Energy Efficient Sleep Mode Optimization in 5G mmWave Networks via Multi Agent Deep Reinforcement Learning
Saad Masrur, Ismail Guvenc, David Lopez Perez
TL;DR
The paper addresses energy efficiency in dense mmWave 5G networks by formulating sleep-mode optimization as a multi-agent deep reinforcement learning problem. It introduces MARL-DDQN, where each BS operates as an independent DDQN agent within a CTDE framework, utilizing UE-clustered state representations and a load- and beamforming-aware power model in a 3D urban environment. The approach achieves superior energy efficiency, throughput fairness, and QoS satisfaction compared with state-of-the-art baselines, and demonstrates scalability across BS and UE densities, mobility patterns, and QoS targets. The results highlight the practical potential of distributed MARL for energy-aware network management in next-generation mmWave deployments, with future work aimed at joint SMO and beamforming optimization and real-world validation via O-RAN XApp frameworks.
Abstract
Dynamic sleep mode optimization (SMO) in millimeter-wave (mmWave) networks is essential for maximizing energy efficiency (EE) under stringent quality-of-service (QoS) constraints. However, existing optimization and reinforcement learning (RL) approaches rely on aggregated, static base station (BS) traffic models that fail to capture non-stationary traffic dynamics and suffer from large state-action spaces, limiting real-world deployment. To address these challenges, this paper proposes a multi-agent deep reinforcement learning (MARL) framework using a Double Deep Q-Network (DDQN), referred to as MARL-DDQN, for adaptive SMO in a 3D urban environment with a time-varying and community-based user equipment (UE) mobility model. Unlike conventional single-agent RL, MARL-DDQN enables scalable, distributed decision-making with minimal signaling overhead. A realistic BS power consumption model and beamforming are integrated to accurately quantify EE, while QoS is defined in terms of throughput.
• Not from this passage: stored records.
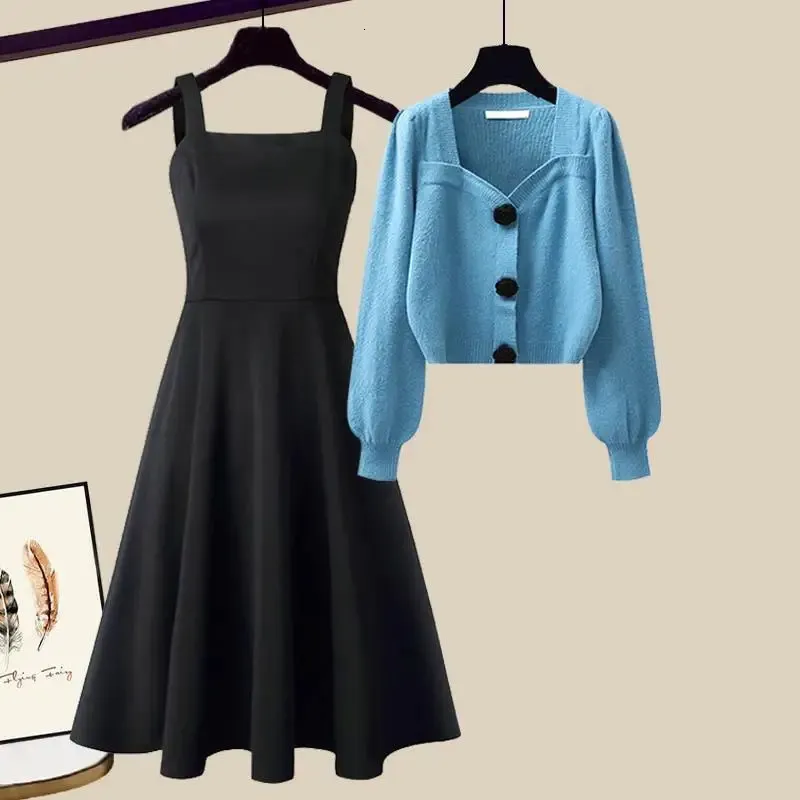 High Street Black Knitted Two Piece Suit for Women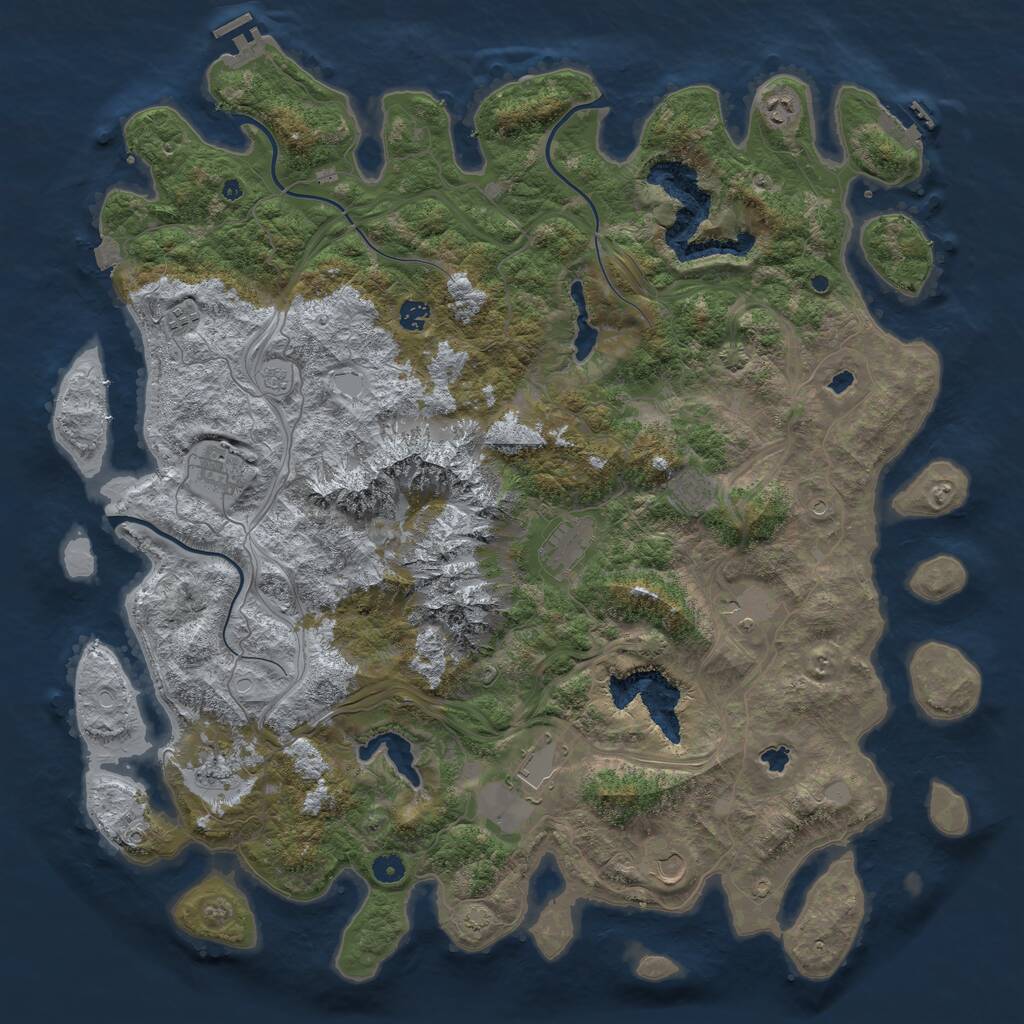 Rust Map: Procedural Map, Size: 5000, Seed: 1589485299, 16 Monuments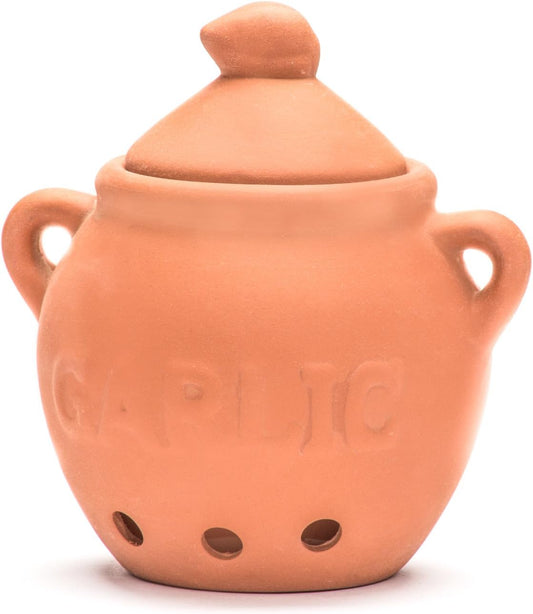 Fox Run Garlic Keeper, Terra Cotta, Red, 4.25 x 5.25 x 5.25 inches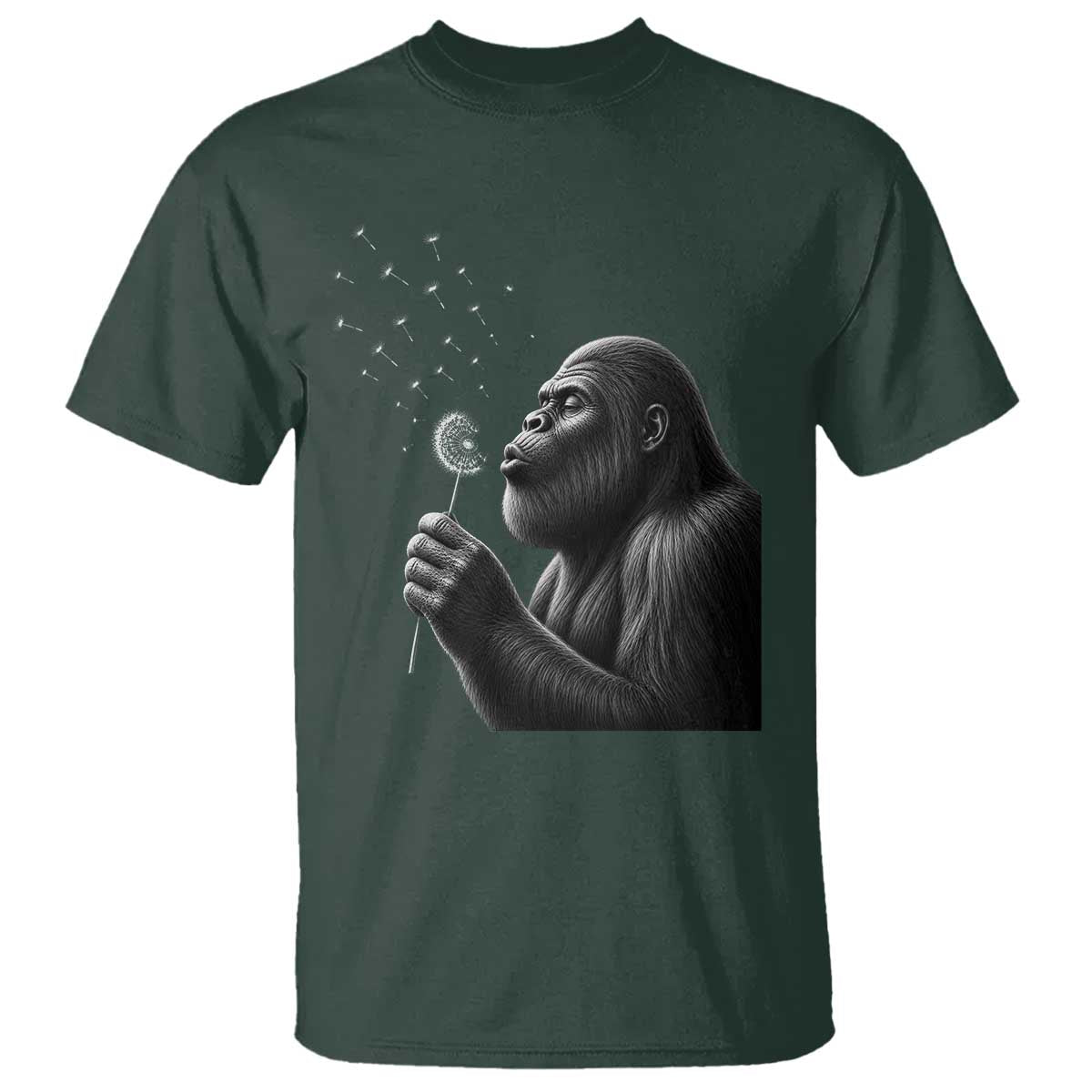 Bigfoot Blowing Dandelion T Shirt Funny Sasquatch Making A Wish TS11 Dark Forest Green Print Your Wear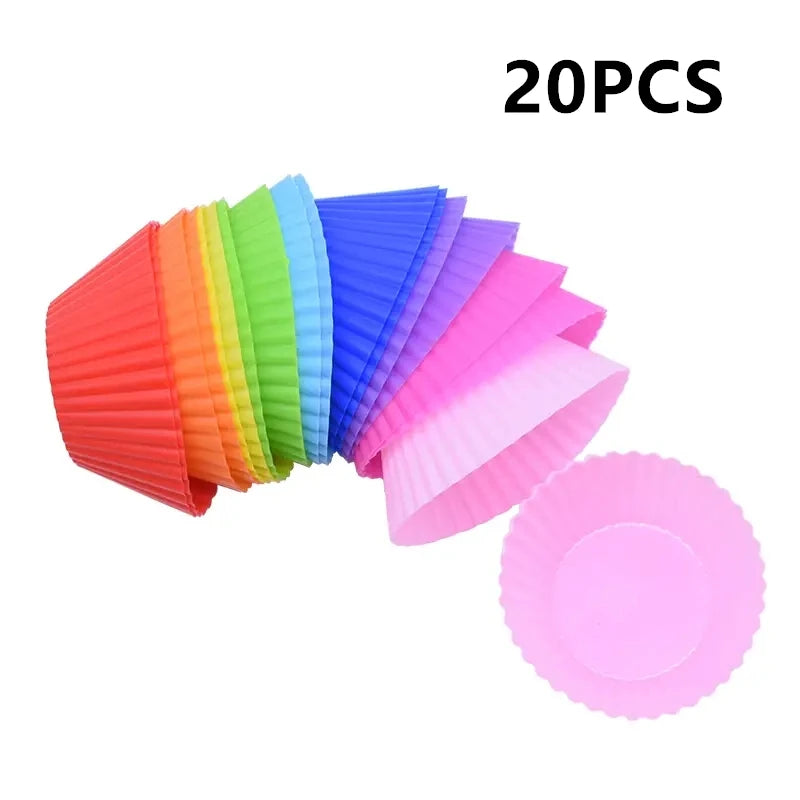 Silicone Cake Mold Round Heart Shape Muffin Cupcake Baking Molds Home Kitchen Bakeware Baking Cups BPA Free Kitchen Gadgets ﻿ Qme 20PCS Round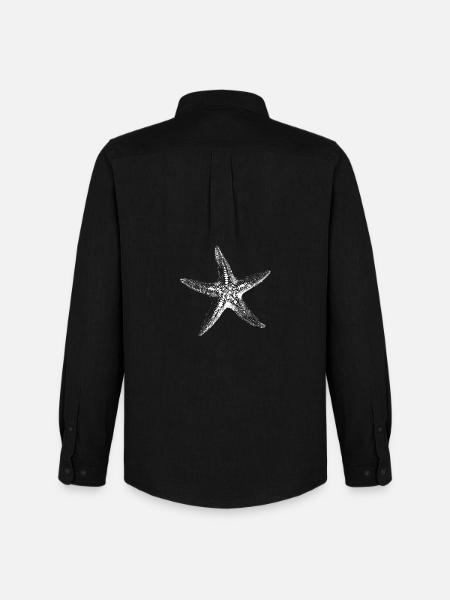 Starfish Silhouette Saltwater Sketch - Men's Oxford Shirt by Stanley/Stella - black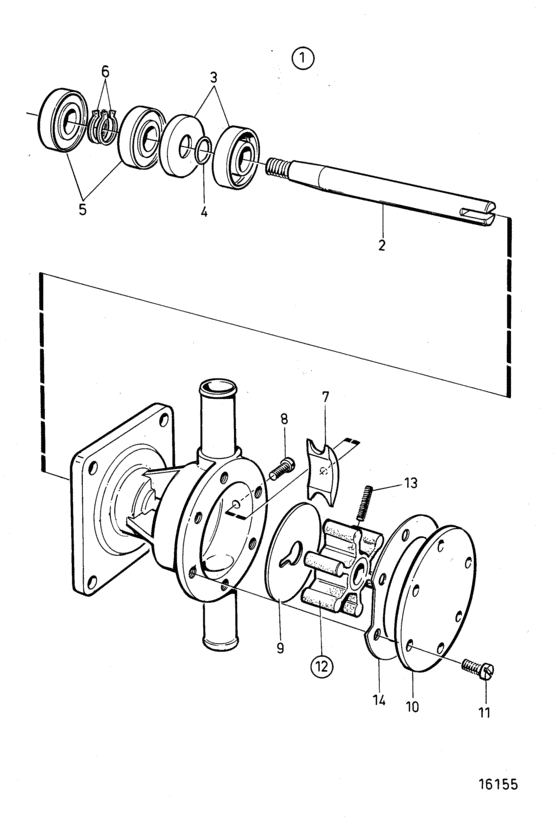 Схема узла Sea Water Pump, Components: A Для Volvo Penta Md2010B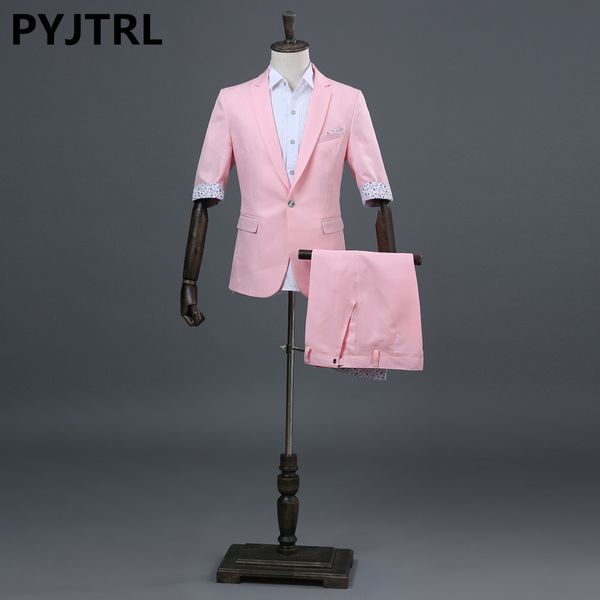 

pyjtrl men's fashion summer half sleeve pink sky blue green wedding suits with shorts stage singer youth men tide costume homme, White;black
The method adapts SMO policies to maximize EE while mitigating inter-cell interference and ensuring throughput fairness. Simulations show that MARL-DDQN outperforms state-of-the-art strategies, including All On, iterative QoS-aware load-based (IT-QoS-LB), MARL-DDPG, and MARL-PPO, achieving up to 0.60 Mbit/Joule EE, 8.5 Mbps 10th-percentile throughput, and meeting QoS constraints 95% of the time under dynamic scenarios.